Her yeni yıl geldiğinde hep yeni yeni umutlar yeşerir içimizde. Her umut, toprağa düşen tohumlar gibidir; bazıları yeşerir büyür, bazıları kurur yok olur.
Benim yeşerecek umutlarım var 2006’da!
Türkiye’de yıllardır bir kanayan yaranın varlığından hepimiz haberdarız. Temel yaşam ve ileri yaşam desteği konularında aldığımız eğitim, yazık ki yaygınlaşamıyor. Doğrusu böyle bir eğitimi ülkemizdeki kaç hekim bir düzen içinde edinmiştir? Oysa her birimiz sürekli insan yaşamını etkileyecek pek çok uygulama yapıyoruz. Hastanelerdeki uygulamalarımız sırasında bu işe en hakim hekim grubu olan anesteziyologları çağırma şansına sahibiz. Ancak anesteziyolog gelene dek geçen sürede neler yapacağımızı biliyor muyuz? Acilde çalışan hekimlerin ise bu konuda hiç şüphesiz mükemmel bir donanıma sahip olmaları gereklidir. Sağlık Bakanlığı bu iki sertifikayı acil hekimleri için zorunlu kıldı. Yurdumuzda ileri yaşam desteği eğitimi alması gereken yaklaşık 10.000 hekim bulunuyor. Bu sayı ivedilikle eğitim alması gereken grubu oluşturuyor. Ayrıca hastanın yaşamsal işlevlerini etkileyebilecek girişimlerde bulunan diş hekimleri ve muayenehanede çalışan tüm hekimler bu sayının dışındadır. Belki bu hekimlere sadece temel yaşam desteği uygulamalarını öğretmek yeterli olabilir. Böyle bir eğitim verilmekte midir? Yazık ki hem temel yaşam desteği hem de ileri yaşam desteği alanında verilen eğitimlerin oldukça sınırlı olduğunu ve amacına ulaşmadığını biliyoruz.

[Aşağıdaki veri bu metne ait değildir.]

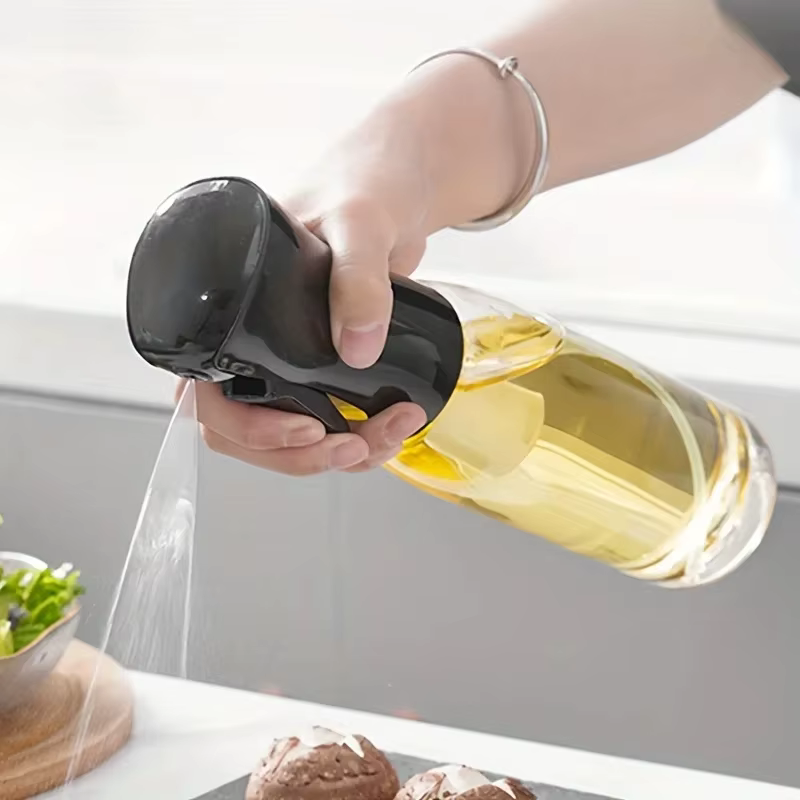 200/300/500ml bouteille de pulvérisation d'huile BBQ cuisson pulvérisateur d'huile d'olive cuisine cuisson huile Spray bouteille vide bouteille de vinaigre distributeur d'huile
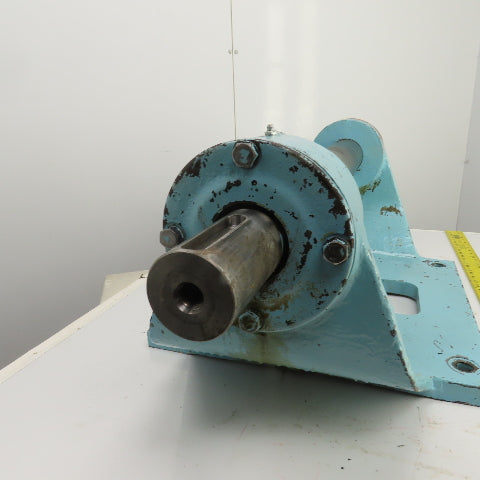 Heavy Duty Fixed Cast Iron Stand Take Up Roller Assembly 24-1/2" W x 3-1/4" OD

Bu konuda neler yapılabilir? Sorunu iki ana başlıkta ele almak gerektiği kanısındayım. Bunlardan ilki temel yaşam desteği eğitimidir. Bu eğitimi, hekimler başta olmak üzere tüm halkın da almasını sağlamak insan yaşamı açısından en önemli ödevlerimizdendir. Tıp fakültelerinde birinci sınıftan başlanarak, temel yaşam desteği eğitimi mutlaka öğretilmelidir. İlköğretimden başlanarak tüm gelecek kuşakların bu bilgiyi edinmeleri sağlanmalıdır. Geniş kitlelerle iç içe olan anaokulu öğretmenleri, diğer öğretmenlere ve benzeri durumda bulunan meslek gruplarına bu eğitim verilmelidir. İleri yaşam desteği eğitimi ise, tıp fakültelerinin klinik stajlar eğitimleri sırasında kurs şeklinde verilebilir ve sertifikalandırılabilir.
Çukurova Üniversitesi Tıp Fakültesi Anesteziyoloji ve Reanimasyon Anabilim Dalı bu konuda bir çaba başlattı. Tıp fakültesi 5. sınıf öğrencileri ileri yaşam desteği kursu almakta ve başaranlara diploma eki verilmektedir. Aynı öğrenciler birinci sınıfta halka yönelik temel yaşam desteği kursuna, üçüncü sınıfta tekrar temel yaşam desteği kursuna da katılmaktadırlar. İleri yaşam desteği kursu, uzmanlık öğrencilerine ve mesleğini icra etmekte olan uzman hekimlere de verilmelidir. Acil hekimleri için ise Sağlık Bakanlığı’nın başlatmış olduğu çabanın hızla amacına ulaşması gereklidir. Bunun için de üniversiteler enerjik davranmak ve bu sorunu görmezden gelmemek zorundadırlar. Sorunun büyüklüğü ve eğitim alacak kitlenin genişliği göz önüne alınacak olursa, eğitimci sayısının da arttırılması gerekliliği açıktır. Bu eğitimlerin verilmesinde hiç şüphe yok ki kaliteden taviz verilemez.
Benim bu yıl büyük umutlarım var! Ülkemdeki herkesin temel yaşam desteği uygulamasını bildiğini göreceğim. Yabancı cisim aspirasyonu, suda boğulma gibi yaygın durumlarda ilköğretimdeki öğrencilerin bile neler yapacağını doğruca bildiklerine tanık olacağım. Bu yıl 10.000 hekimin ileri yaşam desteği kursunu aldıklarını sevinçle izleyeceğim!